1. Field of the Invention
This invention relates to an automatic focus control system for video cameras in which the effective diameter of the diaphragm of the optical sub-system is changed in dependence upon the focused state of the optical main system for detecting a focused point for the optical main system and the direction in which the main system is defocused.
2. Description of the Prior Art
Various methods are known in the art for detecting a focused point for effecting automatic focus control of an optical system used in a video camera or an optical film camera, such as the active type detecting method which makes use ultrasonic sound or infrared light projected to and reflected back from the object, or the passive type method which makes use of natural light reflected back from the object.
When an ultrasonic wave is used for detecting focusing with respect to a distant object, it is difficult to effect precise detection because of the lower directivity of the ultrasonic wave. When an infrared light is used, power consumption of the infrared light source is considerably increased, which is not desirable for a video camera which makes frequent use of a lens with a larger zoom ratio. In the passive type detecting method, there are known a correlation method in which the object image is split and the correlation of the resulting images is scrutinized and a sharpness method in which sharpness of the object image is used for detecting focusing of the optical system. These methods are devoid of the inconveniences as not in the passive type method because natural light is used. However, in the correlation method, sensors of delicate and complex construction are required thus causing elevated costs. In addition, there is the risk of malfunction when the object is complex or the object image consists of a repetition of patterns. In the sharpness method, it is difficult to precisely determine the direction in which the optical system is deviated from the focused point. It is also known to combine the correlation and sharpness methods; however, there is an inconvenience that the method requires a complicated optical system and a complicated processing circuit for output signals.

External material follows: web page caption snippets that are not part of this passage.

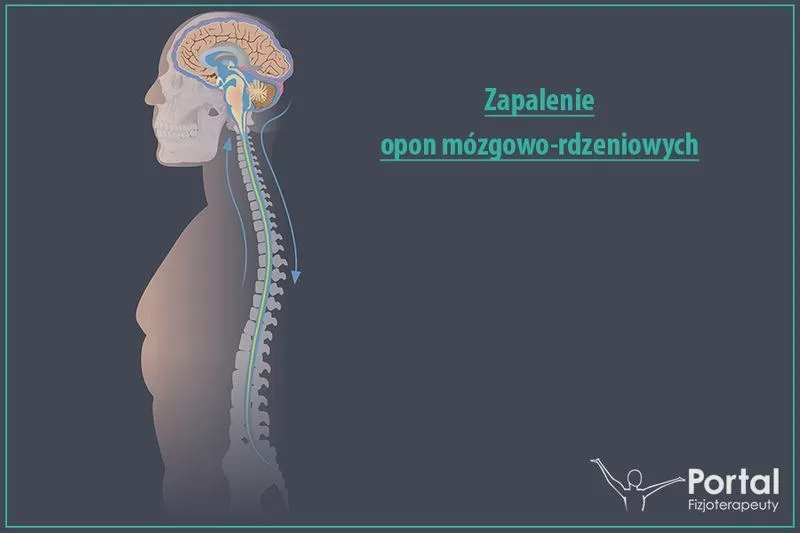 Bakteryjne zapalenie opon mózgowych: pierwsze sygnały i kiedy zgłosić się po pomoc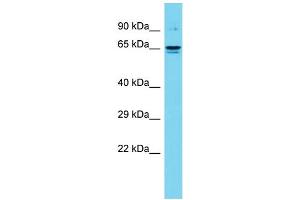 Image no. 1 for anti-Deltex Homolog 4 (Drosophila) (DTX4) (C-Term) antibody (ABIN2791002)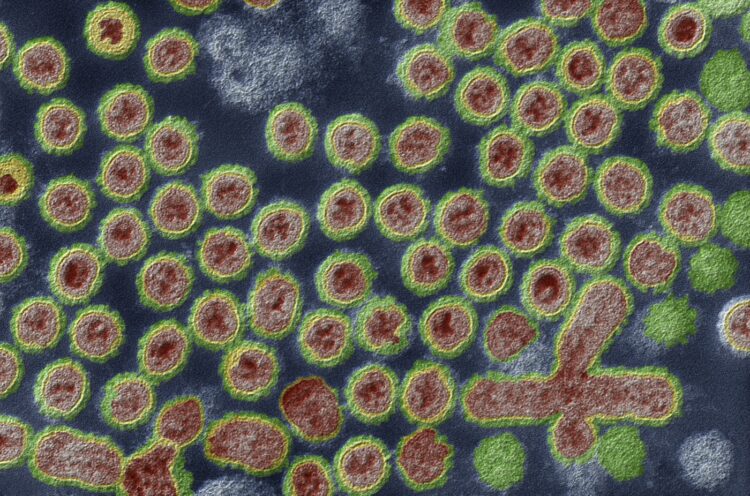 Virus ptičje gripe pod mikroskopom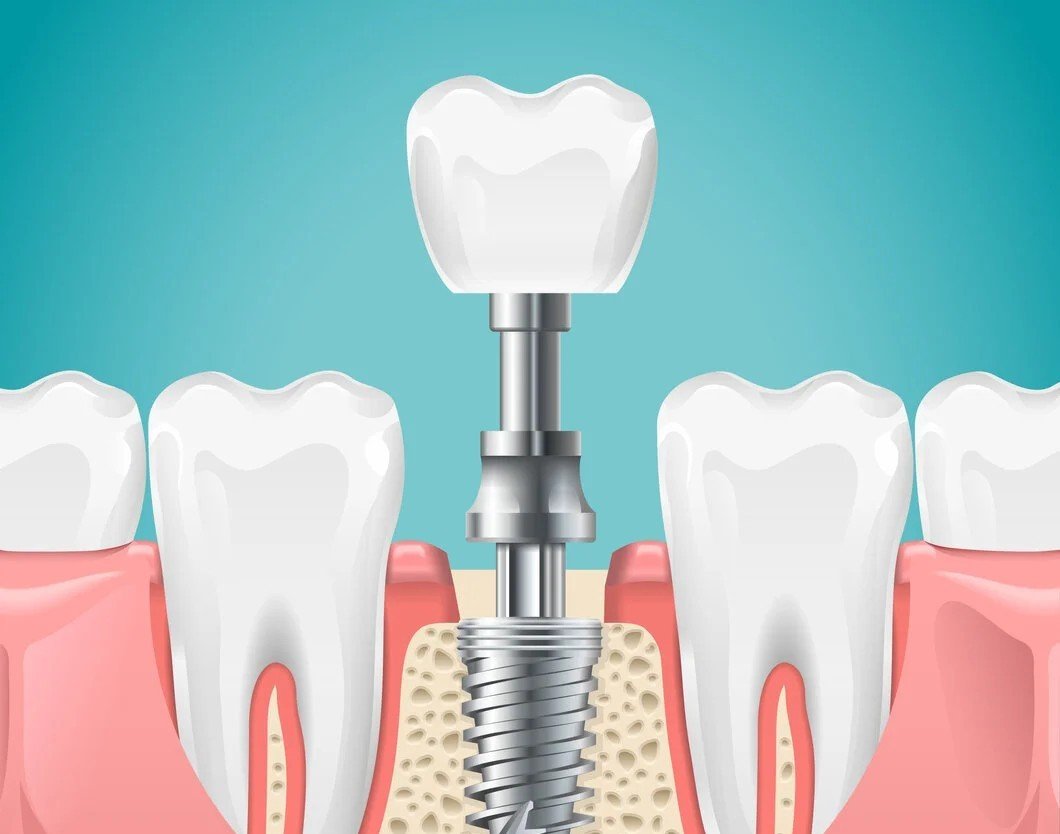 Sterile implant surgery environment at Tooth Care Clinic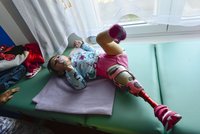 Pavlínka v 7 měsících onemocněla meningokokem: Amputovali jí nožičku, byla v umělém článku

In still cameras taking shots of still images, correct shooting can be achieved by operating the shutter in the correctly focused state of the optical system, even when the automatic focus control system shows only poor response properties. However, in video cameras taking a sequence of consecutive shots, imaging signals are outputted even when the optical system is in the defocused state and the images of inferior quality are reproduced on, for example, the screen of a monitor television receiver. Thus in effect, the quality of the output image is governed directly by the properties of the automatic focus control system.